One witness testified during his deposition that he had personally complained to a manager at the Home Depot store where plaintiff's accident occurred about the difficulty of using the table top carts. See L. Cedeno Tr. at 25 ("Q: What specifically did you complain to Home Depot about with respect to the table top cart - A: That when you pick up the materials, that it's very difficult[] to move straight, that those carts are always like twisted.").
Shortly after his accident, plaintiff filed this personal injury action in New York State Supreme Court, Queens County, alleging negligence as the sole cause of action. See Verified Complaint, Le Aff. Ex. A. After filing an answer on September 8, 2011 denying all substantive allegations, defendant removed the action to this Court on December 28, 2011 alleging diversity of citizenship and more than $75,000 in controversy. (ECF No. 1.) The parties conducted discovery. Defendant now moves for summary judgment; plaintiff opposes the motion and defendant has replied.

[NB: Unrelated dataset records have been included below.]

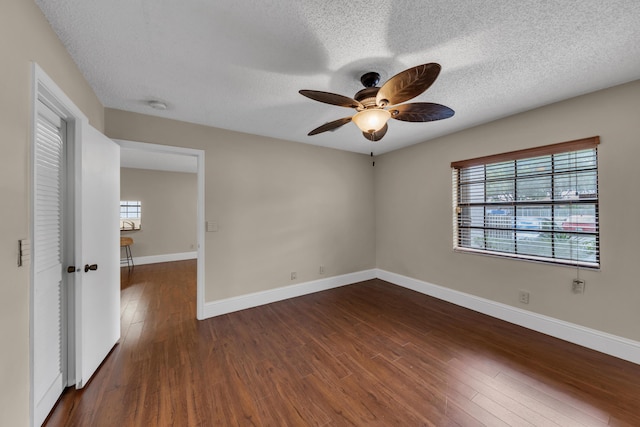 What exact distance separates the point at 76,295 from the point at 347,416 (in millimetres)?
2159

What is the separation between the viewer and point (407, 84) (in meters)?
1.41

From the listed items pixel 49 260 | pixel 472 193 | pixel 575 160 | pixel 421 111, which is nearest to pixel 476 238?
pixel 472 193

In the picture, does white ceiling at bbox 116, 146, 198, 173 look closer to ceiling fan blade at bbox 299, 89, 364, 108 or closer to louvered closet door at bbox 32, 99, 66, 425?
louvered closet door at bbox 32, 99, 66, 425

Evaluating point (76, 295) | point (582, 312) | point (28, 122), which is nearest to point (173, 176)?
point (76, 295)

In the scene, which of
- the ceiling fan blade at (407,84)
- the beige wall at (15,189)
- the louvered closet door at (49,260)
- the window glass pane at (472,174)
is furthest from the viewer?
the window glass pane at (472,174)

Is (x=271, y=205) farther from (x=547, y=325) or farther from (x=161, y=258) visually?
(x=161, y=258)

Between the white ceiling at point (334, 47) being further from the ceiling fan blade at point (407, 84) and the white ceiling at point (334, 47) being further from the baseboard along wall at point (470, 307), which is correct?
the baseboard along wall at point (470, 307)

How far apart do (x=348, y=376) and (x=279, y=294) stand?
185 centimetres

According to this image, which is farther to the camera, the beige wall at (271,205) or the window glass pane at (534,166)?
the beige wall at (271,205)

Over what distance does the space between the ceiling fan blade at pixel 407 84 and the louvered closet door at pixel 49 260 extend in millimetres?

Although plaintiff's Verified Complaint is dated May 4, 2011, two days after the accident, defendant's Notice of Removal states that the state court action was filed "on or about May 12, 2011." (ECF No. 1.)
DISCUSSION
I. Standard of Review
"Summary judgment is proper only when, construing the evidence in the light most favorable to the non-movant, 'there is no genuine dispute as to any material fact and the movant is entitled to judgment as a matter of law.'" Doninger v. Niehoff, 642 F.3d 334, 344 (2d Cir. 2011) (quoting Fed. R. Civ. P. 56(a)). A fact is material if it is one that "might affect the outcome of the suit under the governing law." Anderson v. Liberty Lobby, Inc., 477 U.S. 242, 248 (1986). Similarly, "an issue of fact is 'genuine' if 'the evidence is such that a reasonable jury could return a verdict for the nonmoving party.'" McCarthy v. Dun & Bradstreet Corp., 482 F.3d 184, 202 (2d Cir. 2007) (quoting Anderson, 477 U.S. at 248). "The trial court's function in deciding such a motion is not to weigh the evidence or resolve issues of fact, but to decide instead whether, after resolving all ambiguities and drawing all inferences in favor of the non-moving party, a rational juror could find in favor of that party." Pinto v. Allstate Ins. Co., 221 F.3d 394, 398 (2d Cir. 2000); see also O'Hara v. Nat'l Union Fire Ins. Co. of Pittsburgh, PA, 642 F.3d 110, 116 (2d Cir. 2011) ("[T]he district court's task on a summary judgment motion - even in a nonjury case - is to determine whether genuine issues of material fact exist for trial, not to make findings of fact.").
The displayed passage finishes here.